*** Opening of Records for this task ***
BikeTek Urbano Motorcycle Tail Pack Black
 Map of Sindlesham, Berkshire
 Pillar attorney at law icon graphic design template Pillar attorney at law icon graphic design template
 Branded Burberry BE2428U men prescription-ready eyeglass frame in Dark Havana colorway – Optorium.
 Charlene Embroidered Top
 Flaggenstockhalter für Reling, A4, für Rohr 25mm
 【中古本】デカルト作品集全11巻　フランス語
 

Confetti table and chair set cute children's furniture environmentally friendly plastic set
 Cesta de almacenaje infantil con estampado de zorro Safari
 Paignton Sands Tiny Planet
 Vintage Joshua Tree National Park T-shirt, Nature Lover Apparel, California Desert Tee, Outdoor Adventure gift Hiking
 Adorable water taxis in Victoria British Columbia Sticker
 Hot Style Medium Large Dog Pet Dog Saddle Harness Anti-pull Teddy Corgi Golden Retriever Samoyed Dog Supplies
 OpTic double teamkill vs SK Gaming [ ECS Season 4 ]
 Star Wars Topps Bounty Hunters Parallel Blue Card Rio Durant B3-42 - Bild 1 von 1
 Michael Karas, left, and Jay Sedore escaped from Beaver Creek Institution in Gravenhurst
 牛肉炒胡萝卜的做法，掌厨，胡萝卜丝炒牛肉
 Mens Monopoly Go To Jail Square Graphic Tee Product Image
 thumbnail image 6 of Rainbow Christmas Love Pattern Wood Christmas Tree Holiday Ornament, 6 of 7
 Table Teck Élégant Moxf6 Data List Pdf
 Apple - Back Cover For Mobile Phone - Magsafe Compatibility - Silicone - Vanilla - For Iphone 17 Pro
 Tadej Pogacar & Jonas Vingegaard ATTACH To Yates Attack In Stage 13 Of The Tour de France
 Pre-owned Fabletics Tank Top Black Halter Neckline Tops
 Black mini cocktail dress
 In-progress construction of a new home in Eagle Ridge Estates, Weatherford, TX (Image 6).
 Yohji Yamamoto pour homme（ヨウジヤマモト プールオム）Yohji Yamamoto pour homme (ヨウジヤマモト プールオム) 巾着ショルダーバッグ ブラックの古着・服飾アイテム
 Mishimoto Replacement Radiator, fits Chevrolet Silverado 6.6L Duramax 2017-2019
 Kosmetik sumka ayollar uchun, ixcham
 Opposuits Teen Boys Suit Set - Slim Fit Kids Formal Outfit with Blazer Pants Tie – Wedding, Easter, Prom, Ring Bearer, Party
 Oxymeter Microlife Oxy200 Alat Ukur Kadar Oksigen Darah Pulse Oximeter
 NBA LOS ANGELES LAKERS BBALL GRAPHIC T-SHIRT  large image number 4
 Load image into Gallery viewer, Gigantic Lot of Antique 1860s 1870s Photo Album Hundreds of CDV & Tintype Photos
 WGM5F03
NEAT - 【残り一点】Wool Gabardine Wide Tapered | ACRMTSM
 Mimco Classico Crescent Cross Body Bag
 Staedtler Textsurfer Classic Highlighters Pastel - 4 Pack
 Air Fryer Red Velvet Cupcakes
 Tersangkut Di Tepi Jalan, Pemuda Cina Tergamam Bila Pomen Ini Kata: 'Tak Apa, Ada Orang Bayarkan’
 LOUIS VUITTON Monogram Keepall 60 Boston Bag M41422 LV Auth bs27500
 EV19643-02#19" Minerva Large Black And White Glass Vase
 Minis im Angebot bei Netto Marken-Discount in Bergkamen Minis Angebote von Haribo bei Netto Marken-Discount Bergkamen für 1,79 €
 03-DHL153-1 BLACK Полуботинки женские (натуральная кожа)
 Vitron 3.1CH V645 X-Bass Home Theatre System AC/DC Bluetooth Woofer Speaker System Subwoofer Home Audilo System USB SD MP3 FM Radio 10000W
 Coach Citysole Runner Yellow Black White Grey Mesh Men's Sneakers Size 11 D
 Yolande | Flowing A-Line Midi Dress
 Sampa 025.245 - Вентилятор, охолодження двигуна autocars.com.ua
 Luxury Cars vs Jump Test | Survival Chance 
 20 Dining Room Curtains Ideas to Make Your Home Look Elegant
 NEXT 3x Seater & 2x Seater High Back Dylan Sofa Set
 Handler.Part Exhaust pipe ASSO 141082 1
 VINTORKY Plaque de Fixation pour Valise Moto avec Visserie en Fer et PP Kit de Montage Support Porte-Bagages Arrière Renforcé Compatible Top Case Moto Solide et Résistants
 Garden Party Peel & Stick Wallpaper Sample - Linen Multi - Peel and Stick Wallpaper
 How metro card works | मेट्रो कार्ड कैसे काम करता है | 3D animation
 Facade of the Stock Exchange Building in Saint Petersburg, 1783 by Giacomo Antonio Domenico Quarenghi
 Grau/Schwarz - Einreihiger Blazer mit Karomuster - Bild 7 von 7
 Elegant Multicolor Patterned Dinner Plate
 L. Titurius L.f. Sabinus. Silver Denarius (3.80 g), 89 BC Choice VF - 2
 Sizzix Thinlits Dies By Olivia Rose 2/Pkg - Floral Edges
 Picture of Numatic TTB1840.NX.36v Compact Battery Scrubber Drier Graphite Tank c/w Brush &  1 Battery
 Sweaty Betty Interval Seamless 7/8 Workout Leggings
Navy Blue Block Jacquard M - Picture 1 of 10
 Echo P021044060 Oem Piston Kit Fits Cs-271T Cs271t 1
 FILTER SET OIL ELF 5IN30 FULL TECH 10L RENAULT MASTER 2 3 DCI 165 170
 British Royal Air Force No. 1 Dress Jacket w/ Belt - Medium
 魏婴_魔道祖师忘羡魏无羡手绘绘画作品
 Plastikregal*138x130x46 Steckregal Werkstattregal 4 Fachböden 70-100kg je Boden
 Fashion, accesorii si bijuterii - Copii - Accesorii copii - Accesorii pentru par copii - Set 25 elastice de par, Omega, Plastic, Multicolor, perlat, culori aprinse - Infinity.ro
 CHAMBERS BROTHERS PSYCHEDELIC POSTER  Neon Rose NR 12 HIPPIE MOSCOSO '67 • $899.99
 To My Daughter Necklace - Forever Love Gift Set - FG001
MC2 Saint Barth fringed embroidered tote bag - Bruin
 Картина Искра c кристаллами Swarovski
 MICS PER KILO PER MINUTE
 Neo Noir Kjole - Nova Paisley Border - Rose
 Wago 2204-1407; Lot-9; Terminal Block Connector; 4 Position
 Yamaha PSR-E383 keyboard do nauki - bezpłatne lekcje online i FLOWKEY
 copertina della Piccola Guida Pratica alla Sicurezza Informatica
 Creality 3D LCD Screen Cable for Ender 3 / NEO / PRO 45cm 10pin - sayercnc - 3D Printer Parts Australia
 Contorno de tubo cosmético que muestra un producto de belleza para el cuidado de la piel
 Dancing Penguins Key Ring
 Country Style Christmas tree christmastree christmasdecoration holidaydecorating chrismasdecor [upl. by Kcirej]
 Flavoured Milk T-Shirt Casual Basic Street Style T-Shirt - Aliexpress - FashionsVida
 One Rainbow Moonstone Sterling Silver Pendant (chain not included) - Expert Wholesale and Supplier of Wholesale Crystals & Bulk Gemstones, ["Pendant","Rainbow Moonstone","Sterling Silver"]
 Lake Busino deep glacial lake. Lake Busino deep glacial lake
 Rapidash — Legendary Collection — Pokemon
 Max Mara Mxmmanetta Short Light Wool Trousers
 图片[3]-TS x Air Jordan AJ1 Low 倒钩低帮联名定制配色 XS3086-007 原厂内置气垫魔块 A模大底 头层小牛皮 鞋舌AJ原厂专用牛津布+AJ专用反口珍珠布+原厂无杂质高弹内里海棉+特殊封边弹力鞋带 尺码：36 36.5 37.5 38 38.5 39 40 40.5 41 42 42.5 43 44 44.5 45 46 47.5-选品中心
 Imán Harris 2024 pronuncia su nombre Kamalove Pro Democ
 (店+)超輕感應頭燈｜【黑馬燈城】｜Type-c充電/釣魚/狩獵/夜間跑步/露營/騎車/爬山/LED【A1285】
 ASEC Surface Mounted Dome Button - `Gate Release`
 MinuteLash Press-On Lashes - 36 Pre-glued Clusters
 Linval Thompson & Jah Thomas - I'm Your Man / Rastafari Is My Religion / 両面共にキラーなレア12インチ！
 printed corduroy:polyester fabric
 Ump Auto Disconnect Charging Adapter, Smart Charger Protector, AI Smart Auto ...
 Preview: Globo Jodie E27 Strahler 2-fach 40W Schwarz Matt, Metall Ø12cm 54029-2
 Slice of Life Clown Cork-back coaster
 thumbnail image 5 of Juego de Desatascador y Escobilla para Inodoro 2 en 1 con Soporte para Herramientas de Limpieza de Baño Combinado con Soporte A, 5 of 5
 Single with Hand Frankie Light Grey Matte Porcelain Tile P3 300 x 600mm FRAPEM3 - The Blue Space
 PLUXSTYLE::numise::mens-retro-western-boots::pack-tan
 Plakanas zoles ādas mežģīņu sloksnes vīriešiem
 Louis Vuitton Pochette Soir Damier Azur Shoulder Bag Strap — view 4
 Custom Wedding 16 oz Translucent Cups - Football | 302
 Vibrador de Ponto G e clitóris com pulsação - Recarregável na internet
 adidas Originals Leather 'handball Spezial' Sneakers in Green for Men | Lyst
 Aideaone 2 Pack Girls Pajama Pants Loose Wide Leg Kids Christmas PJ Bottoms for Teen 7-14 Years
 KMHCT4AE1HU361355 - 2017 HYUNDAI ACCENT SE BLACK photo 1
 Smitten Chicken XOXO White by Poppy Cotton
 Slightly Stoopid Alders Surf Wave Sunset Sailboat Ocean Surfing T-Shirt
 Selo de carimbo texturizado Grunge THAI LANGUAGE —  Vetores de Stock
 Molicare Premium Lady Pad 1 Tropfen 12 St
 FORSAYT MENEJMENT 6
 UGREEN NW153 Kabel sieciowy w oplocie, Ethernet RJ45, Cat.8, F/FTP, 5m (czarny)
*** Close of Records for this task ***
◆ Brief
Working from the material above, restate word for word the lines between the line with "Adorable water taxis" and the line with "Black mini cocktail dress", both included, and only those.

◆ Solution
 Adorable water taxis in Victoria British Columbia Sticker
 Hot Style Medium Large Dog Pet Dog Saddle Harness Anti-pull Teddy Corgi Golden Retriever Samoyed Dog Supplies
 OpTic double teamkill vs SK Gaming [ ECS Season 4 ]
 Star Wars Topps Bounty Hunters Parallel Blue Card Rio Durant B3-42 - Bild 1 von 1
 Michael Karas, left, and Jay Sedore escaped from Beaver Creek Institution in Gravenhurst
 牛肉炒胡萝卜的做法，掌厨，胡萝卜丝炒牛肉
 Mens Monopoly Go To Jail Square Graphic Tee Product Image
 thumbnail image 6 of Rainbow Christmas Love Pattern Wood Christmas Tree Holiday Ornament, 6 of 7
 Table Teck Élégant Moxf6 Data List Pdf
 Apple - Back Cover For Mobile Phone - Magsafe Compatibility - Silicone - Vanilla - For Iphone 17 Pro
 Tadej Pogacar & Jonas Vingegaard ATTACH To Yates Attack In Stage 13 Of The Tour de France
 Pre-owned Fabletics Tank Top Black Halter Neckline Tops
 Black mini cocktail dress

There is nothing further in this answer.